Raw text pre-processing

cjbayesian opened this issue 6 years ago · 6 comments

cjbayesian commented 6 years ago

Remove references
Strip special characters
Stop words
tokenize

Answer 1 · 2019-02-15T02:11:49.000Z

Perhaps use built-ins from nltk?

Answer 2 · 2019-02-15T03:58:05.000Z

Maybe better defaults with spaCy, but there probably won't be a substantive difference for what we're doing.

Answer 3 · 2019-02-15T15:01:04.000Z

@tnaumann Good thought, I just went ahead and added it to the conda environment. 7962ec3

I don't have much experience with it, but looking at the docs it seems like it is pretty straightforward to produce a processing pipeline. @beamandrew & @michaelchughes do you have a toolset in mind for the topic modeling?

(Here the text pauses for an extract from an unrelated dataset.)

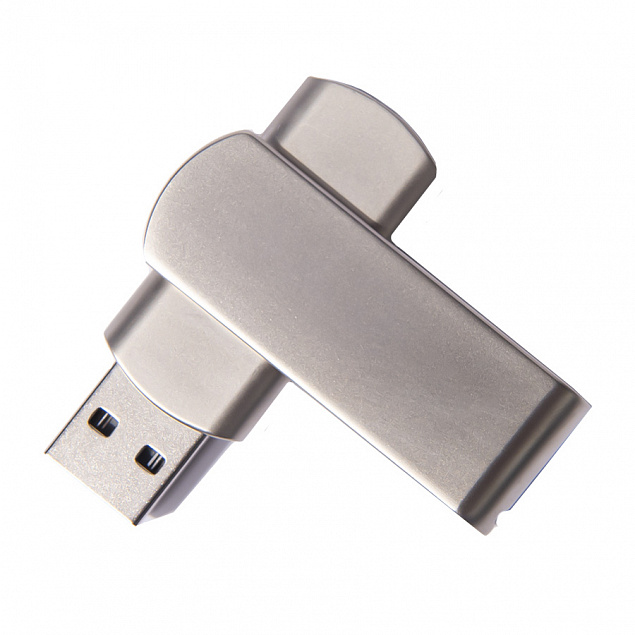 USB flash-карта SWING METAL (32Гб), серебристая, 5,3х1,7х0,9 см, металл с логотипом в Самаре заказать по выгодной цене в кибермаркете AvroraStore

Answer 4 · 2019-02-15T15:59:47.000Z

I would like for the fitted model to be compatible with LDAVis because it's fun interactive way to explore topic models, and it would be easy to put it up as a shiny app to accompany the paper:

https://github.com/cpsievert/LDAvis

So any of the packages listed on the page would be fine, though I've personally had good experience with the lda pacakge.

I know we tend to be pythonistas in ML, but what about using the tidytext package for cleaning?

https://cran.r-project.org/web/packages/tidytext/vignettes/tidytext.html

Answer 5 · 2019-02-15T21:04:06.000Z

Yep, happy to have the topic modelers use their tool of choice. In that case, maybe the acquire and extract phases end at the creation of the well formatted and organized .txt files and associated metadata?

Answer 6 · 2019-02-17T14:50:39.000Z

Added a script to build datasets compatible with LDAvis. See https://github.com/cjbayesian/ml4h_paper_2019/blob/1dfef5e392a94a021effeff726baad8f0a78f9d8/create_r_dataset.R
I also uploaded these .rdata files to our drive folder.